The legislators are to be commended for soliciting the Pretrial Practices Implementation Task Force’s review and feedback, and the new legislation includes many of the recommendations from the Commission’s Final Report. Among other things, the Task Force strongly urged that some of the major provisions in the new law (originally set to take effect immediately) not take effect until Jan. 1, 2023. This will allow courts and pretrial services time to plan and prepare for dramatic change.
As part of their continuing work to support meaningful pretrial reform, the Task Force is working with system stakeholders and legislators to strengthen the underlying intent of the pretrial-related language in the law. These are not substantive changes to law; rather, these procedural or logistical language changes will help the law function as intended and avoid unintended consequences.

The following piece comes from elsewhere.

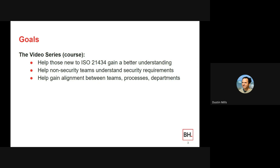There are many standards that came before ISO 21434 to which it is either dependent or mirrored from. There are a lot of different processes in engineering and different standards we need to try to align to. One main one we'll talk about is ISO 26262, or functional safety.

The Task Force continues to work toward the goal of having a fully functioning statewide pretrial services system with consistent, quality practices by the 2023 effective date. The million-dollar question of course is: How do we get there?
Collaboration and Research
The Task Force, its subcommittees and other AOIC working groups are partnering with national, state and local experts in the field to research legal and evidence-based pretrial practices and how best to integrate those services into the work of the Illinois Judicial Branch. The members work with experts from the National Institute of Corrections (NIC), the National Association of Pretrial Services Professionals (NAPSA), Loyola University, the Administrative Office of the Courts in New Jersey and Kentucky, and expert pretrial practitioners in Illinois. The level of interest already expressed from justice partners nationwide is remarkable.
The Task Force and AOIC consider data needs to be the foundation of these efforts. The Pretrial Fairness Act recognized this critical need and designated the AOIC as the pretrial data hub responsible for forming and convening the Pretrial Practices Data Oversight Board. The AOIC is procuring a new data management system to provide a clearer and more comprehensive picture of our judicial system. Additionally, a group comprised of experts in pretrial practices and data analysis are creating a new data set with pretrial specific variables.
Statewide Pretrial Services
A multidisciplinary group is researching the best way to provide high-quality, consistent and uniform pretrial services to every county in Illinois. This includes exploring resource needs and how to operate with best practices while also maintaining lean structure. It also includes researching other pretrial programs in the country and on what works and lessons learned.
The Task Force is building educational content through state and national resources and is working with the Illinois Judicial College to bring these opportunities to judges, pretrial officers and other court stakeholders before and after implementation of this new legislation.
The Probation Division of the AOIC is providing technical assistance to counties adding pretrial services or who are adapting their services to align with the Commission’s Final Report. Much work will need to be completed by 2023 to ensure a roadmap for implementation.
Illinois justice partners must work together to fulfill the mandates in the Pretrial Fairness Act. The Supreme Court and AOIC are committed to doing our part to build and support an adequately-resourced statewide pretrial system that is fair, efficient, transparent, and accountable.